■ RECORDS PROVIDED
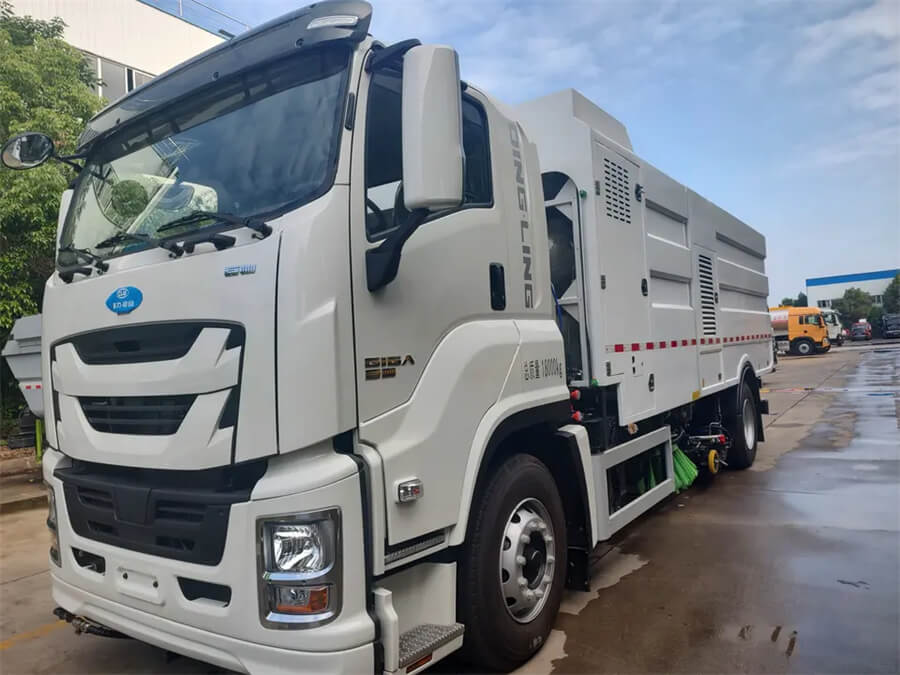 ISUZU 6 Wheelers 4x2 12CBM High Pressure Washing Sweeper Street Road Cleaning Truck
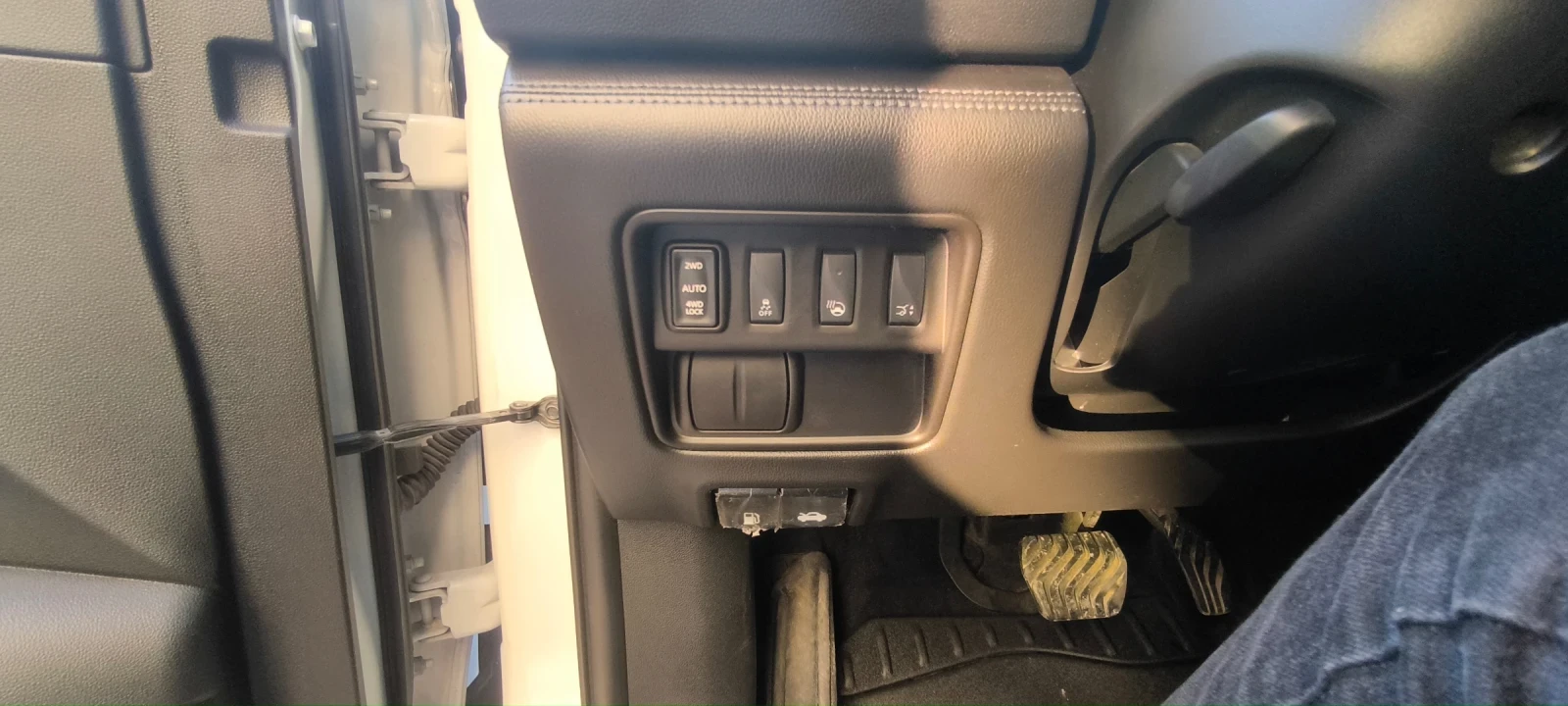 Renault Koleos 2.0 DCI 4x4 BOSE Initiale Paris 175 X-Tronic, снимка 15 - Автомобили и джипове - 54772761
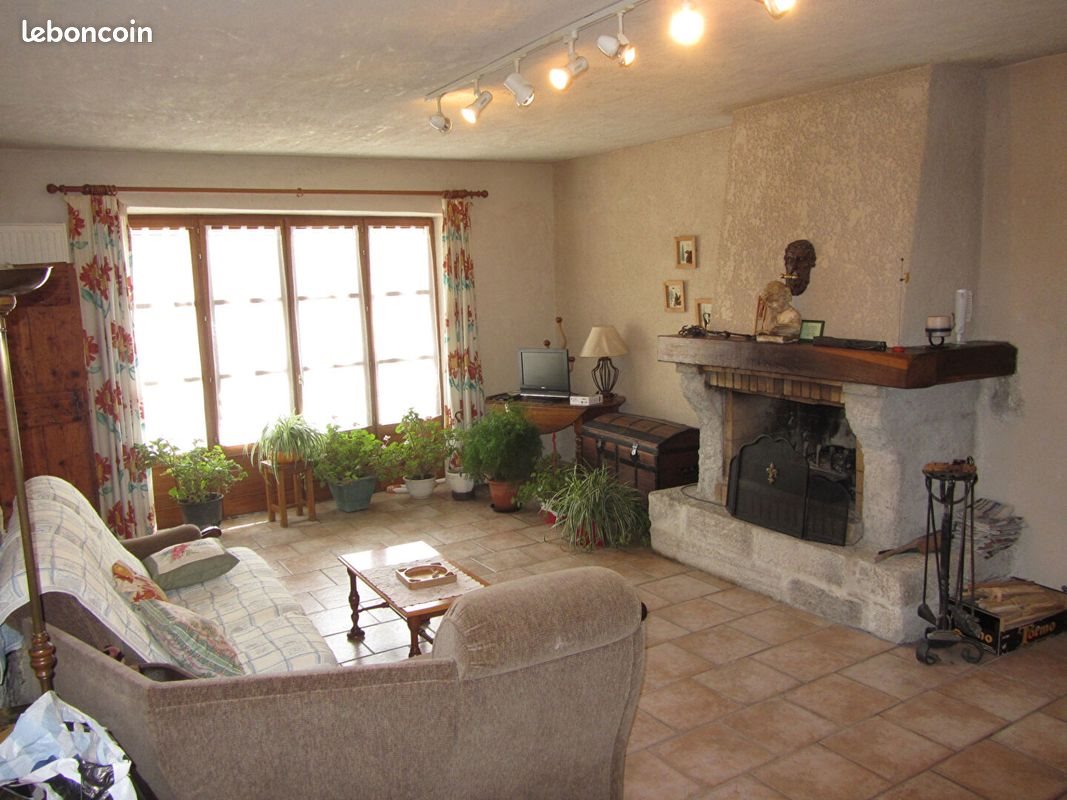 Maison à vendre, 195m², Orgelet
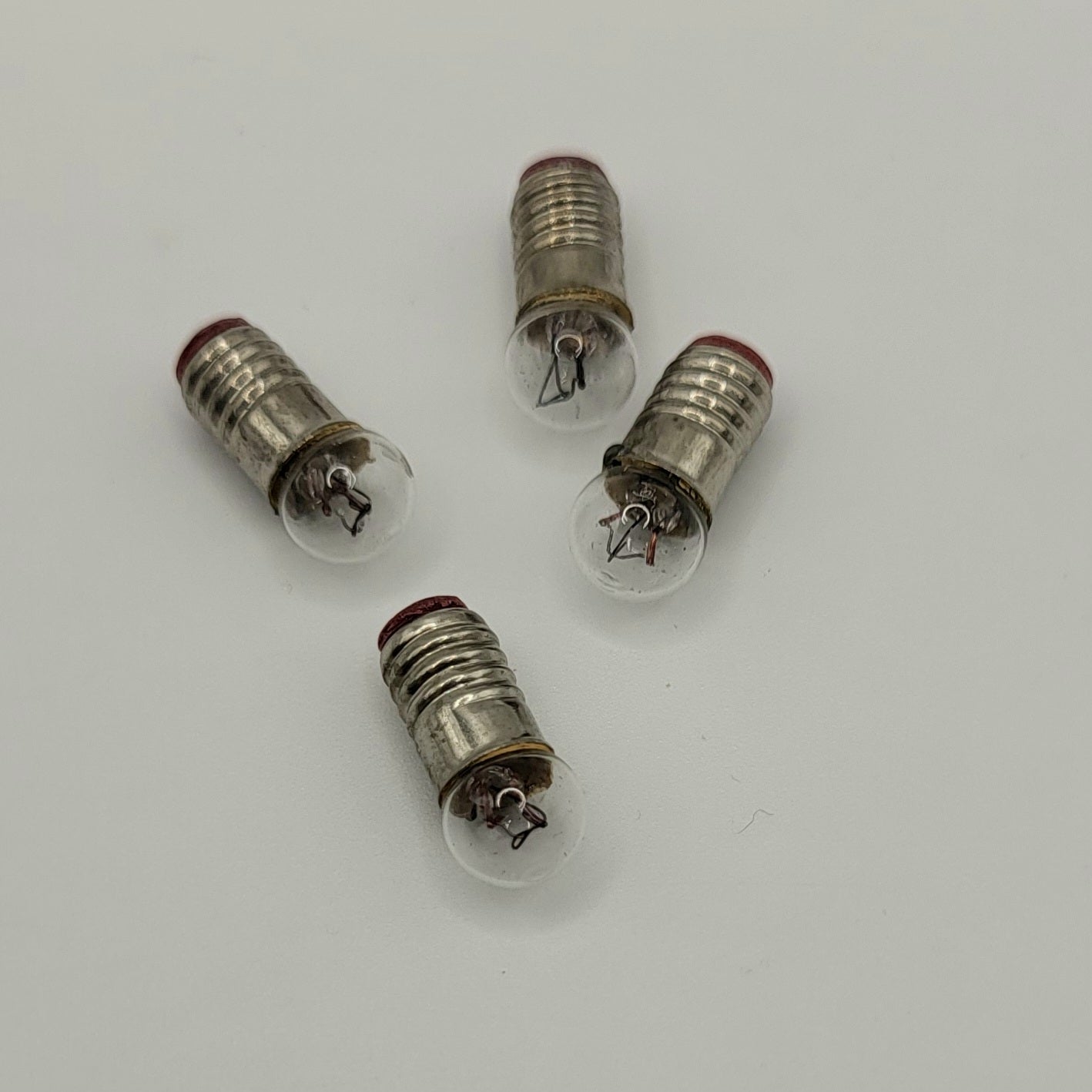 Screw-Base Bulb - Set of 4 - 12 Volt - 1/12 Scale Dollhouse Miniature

...

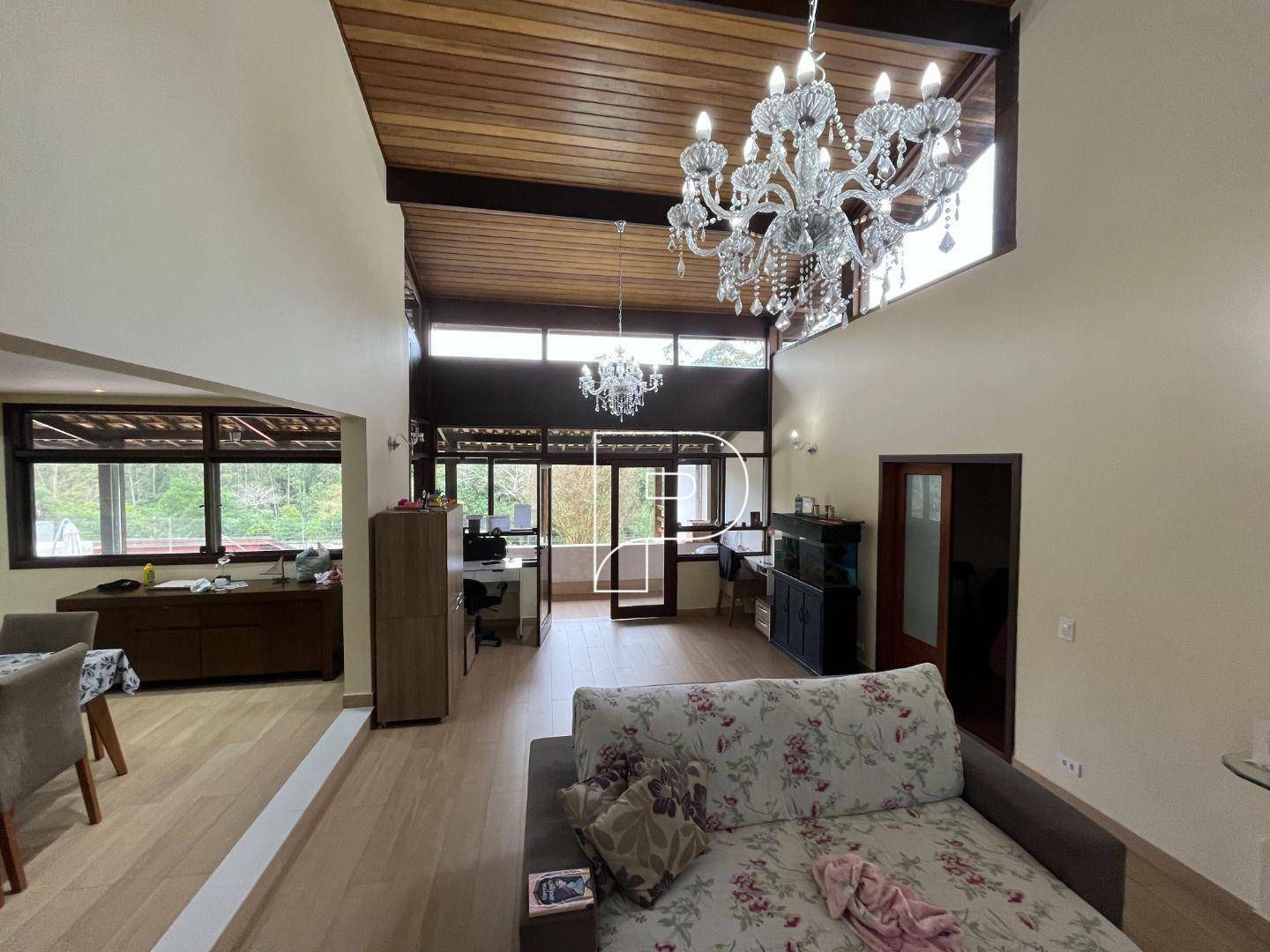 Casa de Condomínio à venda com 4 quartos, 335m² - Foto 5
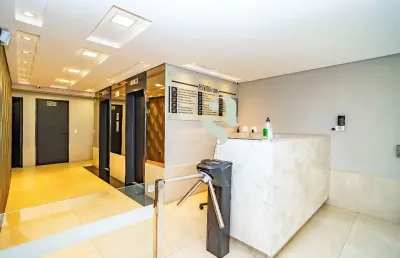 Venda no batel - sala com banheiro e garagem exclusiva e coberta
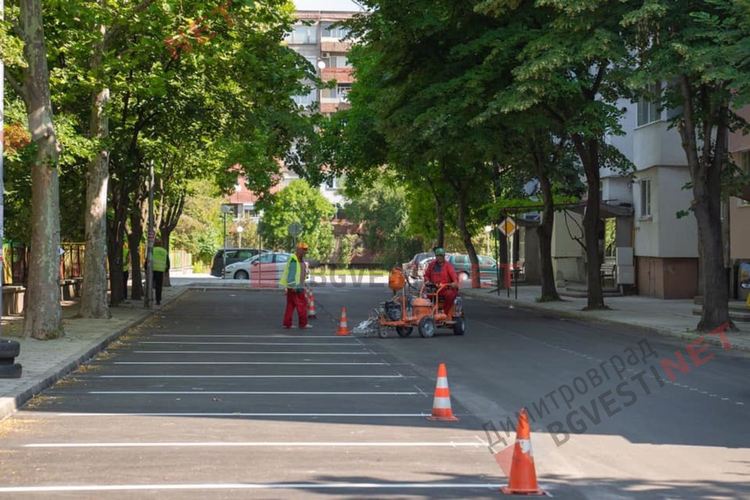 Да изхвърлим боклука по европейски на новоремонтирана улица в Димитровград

■ TASK DETAILS
The answer is those lines of the material above that run from the one containing "Venda no batel" up to and including the one containing "Да изхвърлим боклука", restated exactly and without images.

■ YOUR RESPONSE
 Venda no batel - sala com banheiro e garagem exclusiva e coberta
 Да изхвърлим боклука по европейски на новоремонтирана улица в Димитровград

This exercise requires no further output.